=== Data for the task ===

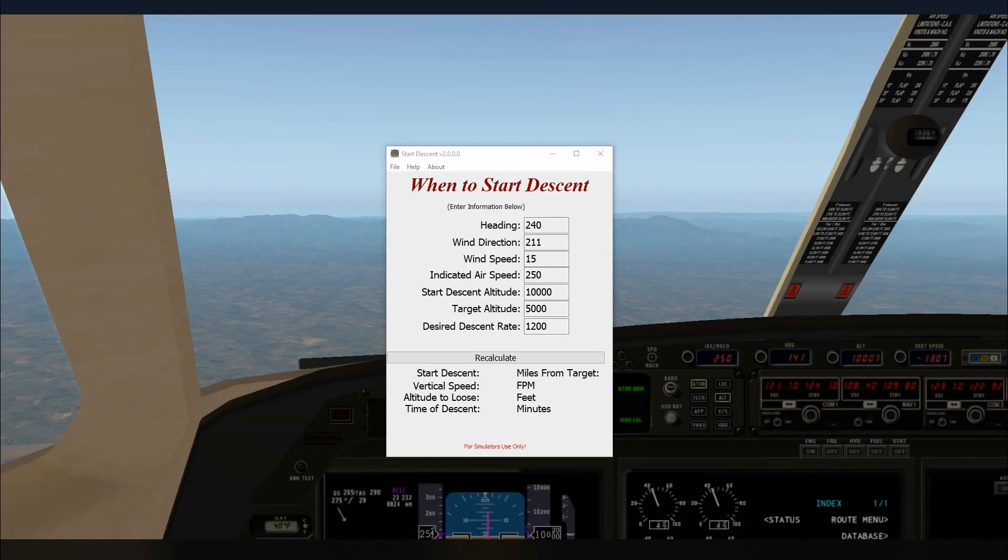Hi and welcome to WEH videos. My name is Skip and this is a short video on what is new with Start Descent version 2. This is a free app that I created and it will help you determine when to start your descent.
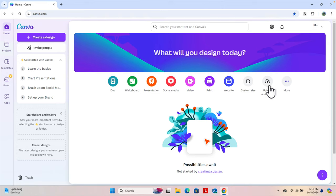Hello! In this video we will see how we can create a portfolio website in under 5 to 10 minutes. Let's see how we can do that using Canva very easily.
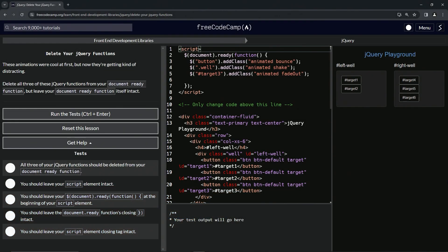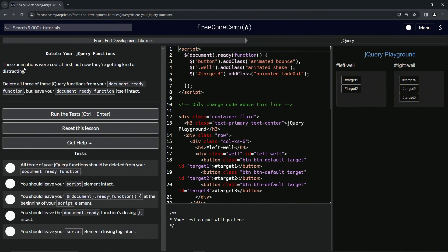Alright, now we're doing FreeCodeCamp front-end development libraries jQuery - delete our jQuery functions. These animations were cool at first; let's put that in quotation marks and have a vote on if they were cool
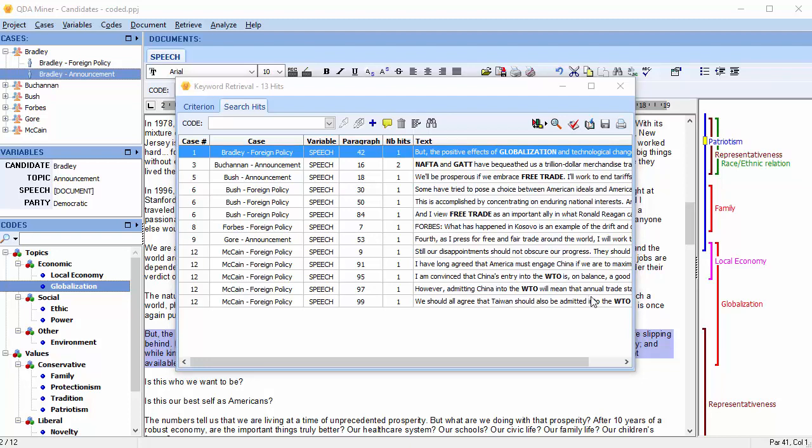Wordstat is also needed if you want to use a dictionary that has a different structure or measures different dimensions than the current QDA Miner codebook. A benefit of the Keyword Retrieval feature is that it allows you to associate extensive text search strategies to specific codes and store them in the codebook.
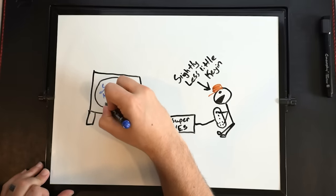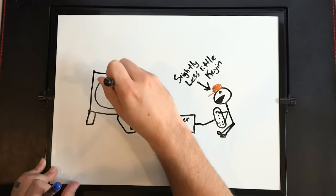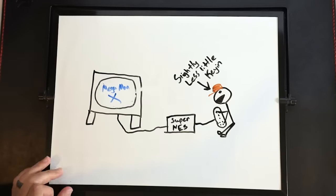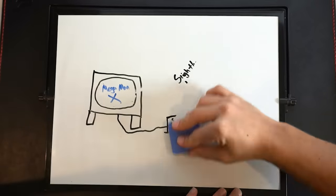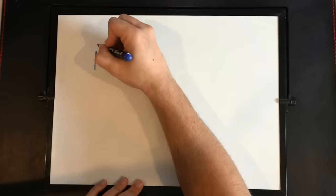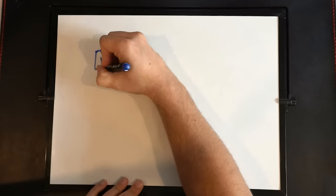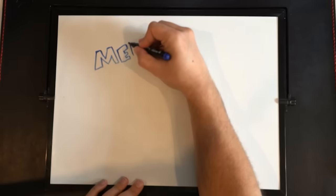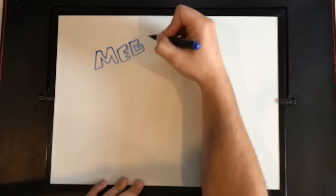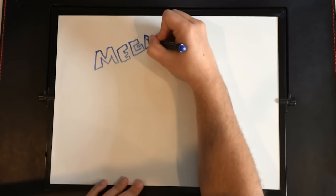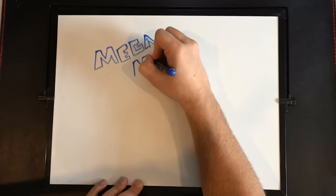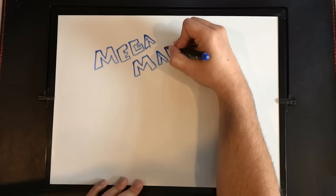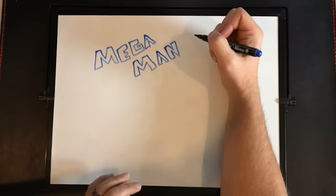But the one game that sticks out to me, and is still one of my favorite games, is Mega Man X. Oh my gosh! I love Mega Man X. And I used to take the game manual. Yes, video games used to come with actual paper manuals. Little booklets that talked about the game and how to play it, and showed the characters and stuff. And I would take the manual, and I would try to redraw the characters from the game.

===

• Your objective: Could you return the whole listing exactly, images excluded?

• Solution to the exercise:
Hi and welcome to WEH videos. My name is Skip and this is a short video on what is new with Start Descent version 2. This is a free app that I created and it will help you determine when to start your descent.
Hello! In this video we will see how we can create a portfolio website in under 5 to 10 minutes. Let's see how we can do that using Canva very easily.
Alright, now we're doing FreeCodeCamp front-end development libraries jQuery - delete our jQuery functions. These animations were cool at first; let's put that in quotation marks and have a vote on if they were cool
Wordstat is also needed if you want to use a dictionary that has a different structure or measures different dimensions than the current QDA Miner codebook. A benefit of the Keyword Retrieval feature is that it allows you to associate extensive text search strategies to specific codes and store them in the codebook.
But the one game that sticks out to me, and is still one of my favorite games, is Mega Man X. Oh my gosh! I love Mega Man X. And I used to take the game manual. Yes, video games used to come with actual paper manuals. Little booklets that talked about the game and how to play it, and showed the characters and stuff. And I would take the manual, and I would try to redraw the characters from the game.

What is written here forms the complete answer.